La ville de Paris lance, ce mercredi 11 mars 2015, les États Généraux de l’économie circulaire du Grand Paris. Un projet qui mobilise acteurs publics, privés et citoyens pour inventer un urbanisme durable.
La maire de Paris Anne Hidalgo lance les États généraux de l’économie circulaire ce mercredi 11 mars, à l’échelle du Grand Paris. Le chantier de la future métropole est en effet l’occasion de développer cette économie sociale et environnementale, dont les exemples se limitent pour l’instant trop souvent à la micro-économie. Les États généraux courront jusqu’à juillet, afin de définir une feuille de route pour les cinq prochaines années, à partir de 2016, année de naissance de la métropole. Collectivités, entreprises, syndicats, ONG, universités, chercheurs et conseils de quartiers sont invités à débattre au sein de dix ateliers thématiques dont l’issue donnera lieu à un livre blanc dévoilé mi- septembre 2015.
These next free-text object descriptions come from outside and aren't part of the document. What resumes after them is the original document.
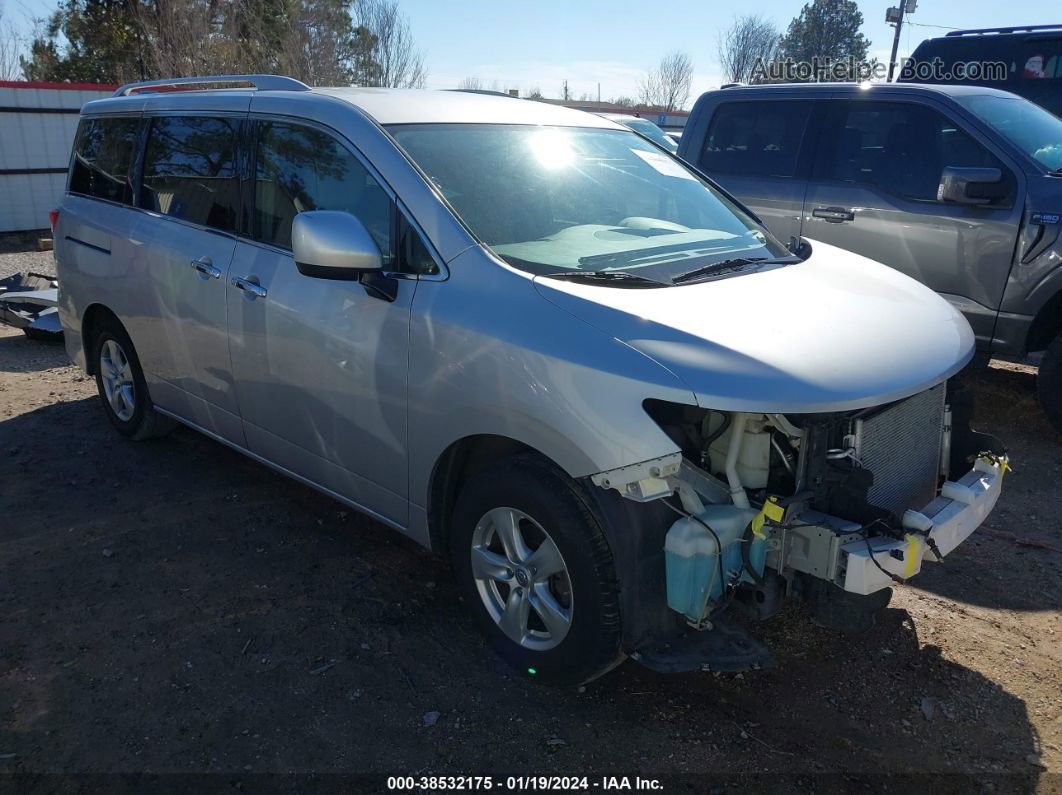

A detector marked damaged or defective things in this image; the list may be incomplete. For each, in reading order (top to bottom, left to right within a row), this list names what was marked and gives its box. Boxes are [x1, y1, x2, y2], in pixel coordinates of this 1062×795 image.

missing headlight opening [590, 388, 1002, 649]
damaged front end of minivan [594, 382, 1006, 670]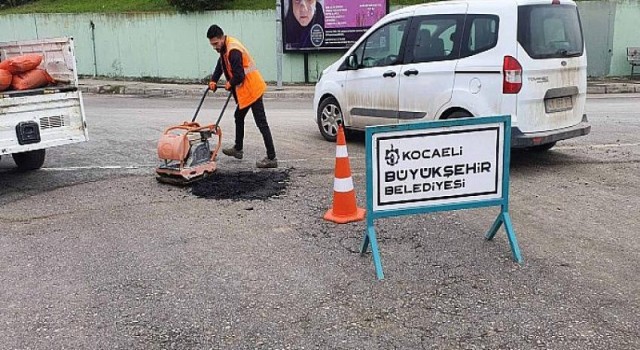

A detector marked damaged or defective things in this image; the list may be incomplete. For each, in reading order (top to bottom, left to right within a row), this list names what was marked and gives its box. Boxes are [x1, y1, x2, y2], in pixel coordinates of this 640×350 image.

black asphalt patch [190, 169, 290, 200]
pothole repair [190, 170, 290, 200]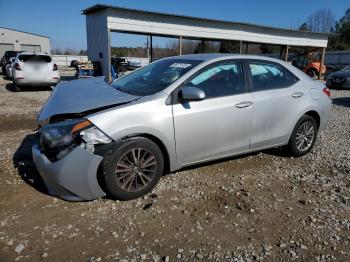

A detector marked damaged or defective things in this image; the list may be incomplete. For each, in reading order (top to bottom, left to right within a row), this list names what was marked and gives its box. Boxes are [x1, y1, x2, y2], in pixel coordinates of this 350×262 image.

crumpled front bumper [32, 144, 106, 202]
another wrecked vehicle [32, 53, 330, 201]
damaged silver sedan [32, 53, 330, 201]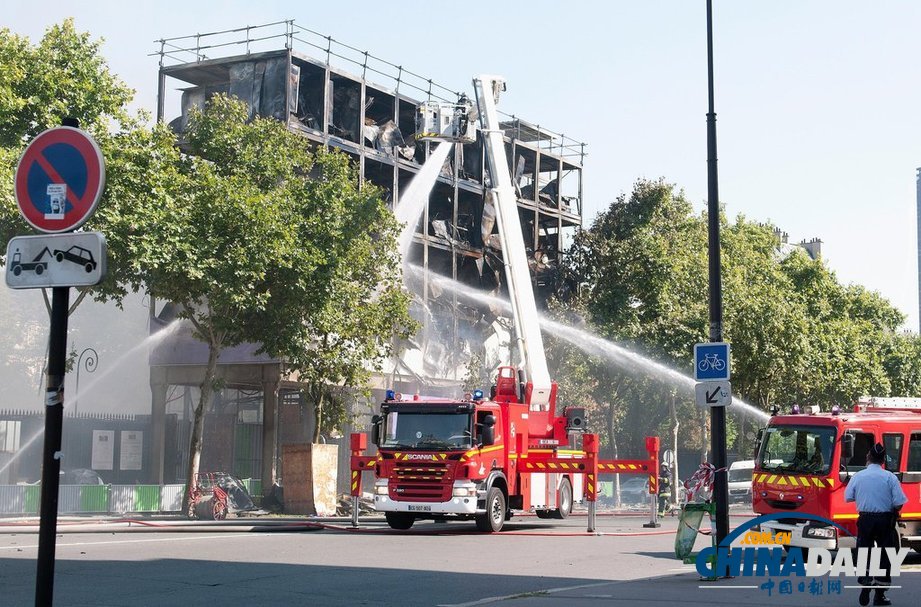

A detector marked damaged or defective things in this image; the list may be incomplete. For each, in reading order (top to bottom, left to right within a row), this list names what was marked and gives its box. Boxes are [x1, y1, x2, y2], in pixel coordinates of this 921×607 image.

burned building [149, 21, 584, 490]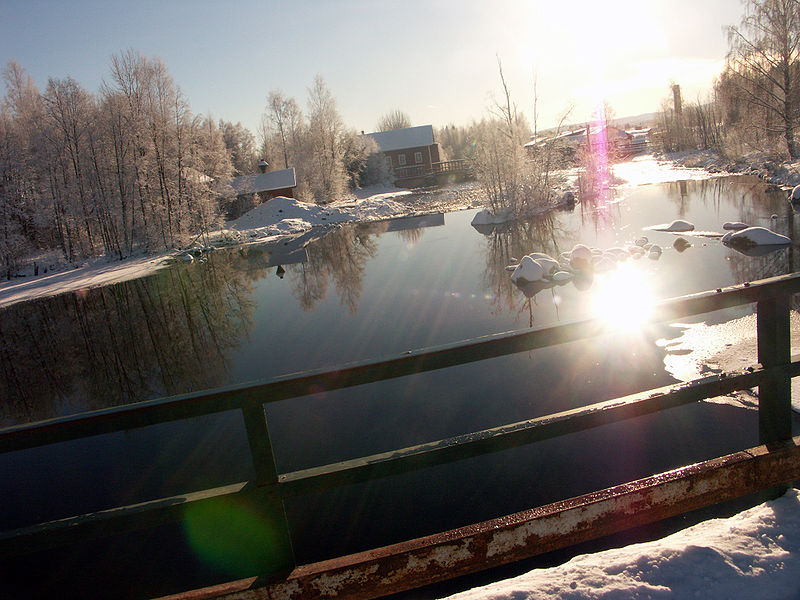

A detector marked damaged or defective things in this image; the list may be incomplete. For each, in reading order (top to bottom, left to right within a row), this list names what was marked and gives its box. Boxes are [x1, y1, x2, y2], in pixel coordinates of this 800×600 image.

rusty metal beam [155, 436, 800, 600]
rusted metal surface [159, 436, 800, 600]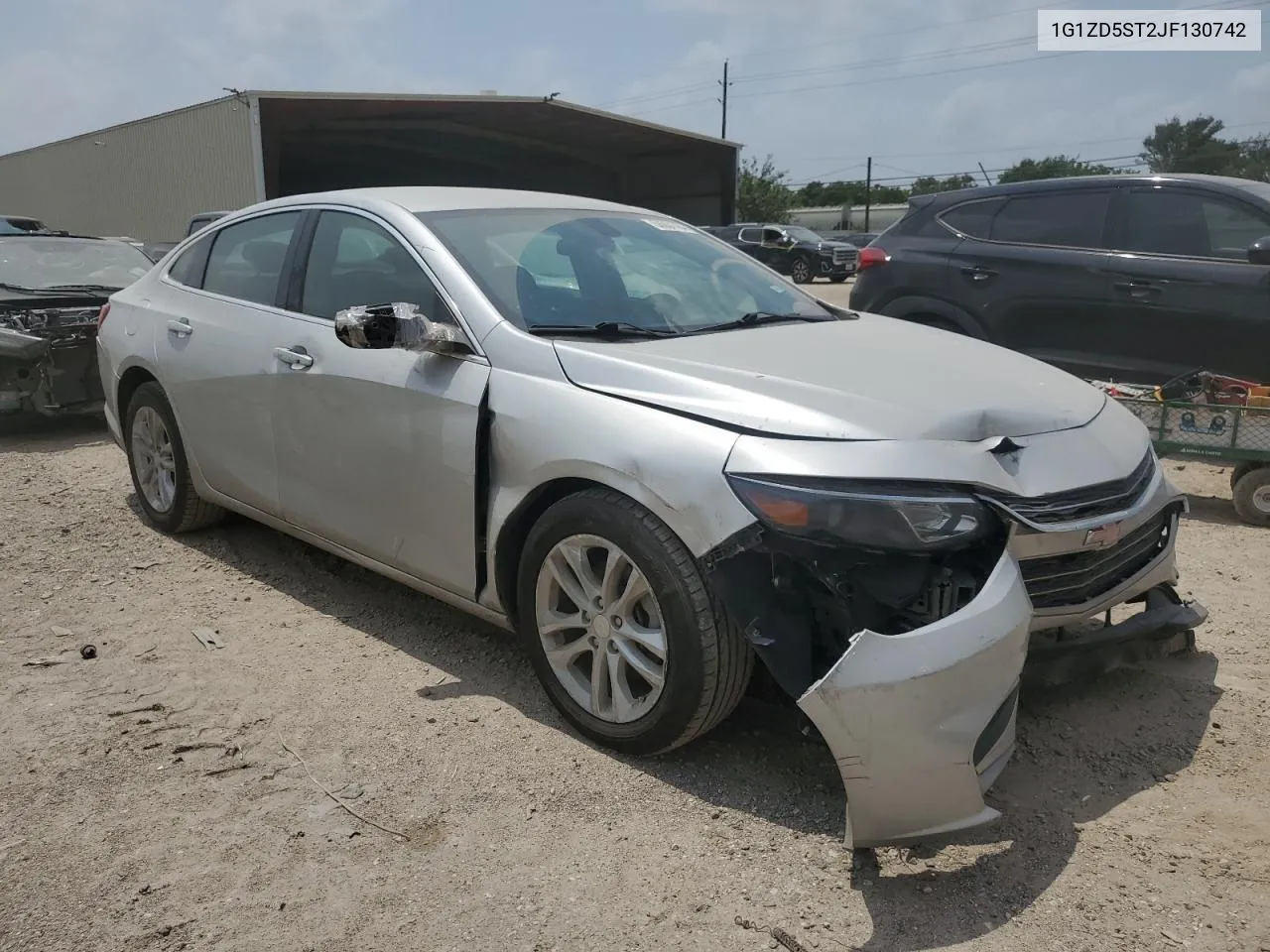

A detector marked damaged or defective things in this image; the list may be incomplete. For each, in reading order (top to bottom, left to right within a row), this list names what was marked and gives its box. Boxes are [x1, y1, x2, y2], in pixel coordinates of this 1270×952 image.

Les 10 thèmes clefs des États Généraux
- Les biodéchets
- Le gaspillage alimentaire
- L’alimentation et ses circuits courts d’approvisionnement
- BTP : déchets de chantier
- BTP : éco-construction des bâtiments
- Réemploi et ressourceries
- Performance d’usage, l’économie de la fonctionnalité
- La logistique en milieu urbain dense
- Energies fatales et énergies de récupération
- Ecologie industrielle et territoriale
« Le but est de donner du sens à l’économie qui s’opère sur les territoires […]. Chaque sujet va être pris en main par une ou plusieurs collectivités, en fonction de ce qu’elle aura choisi de traiter en priorité » annonce Antoinette Guhl, maire adjointe de Paris, en charge de l’économie circulaire et de l’économie sociale et solidaire. La région est partie prenante, ainsi que les communautés d’agglomération Plaine Commune, Est Ensemble et Grand Paris Seine Ouest, les trois départements de la petite couronne ainsi qu’une dizaine de communes (Les Lilas, Sceau, Clichy-la-Garenne, Nogent-sur-Marne…). Ce qui rend l’économie circulaire si consensuelle sur l’échiquier politique, c’est notamment sa promesse d’emplois : 50 000 estimés sur le périmètre du Grand Paris, selon l’Ademe.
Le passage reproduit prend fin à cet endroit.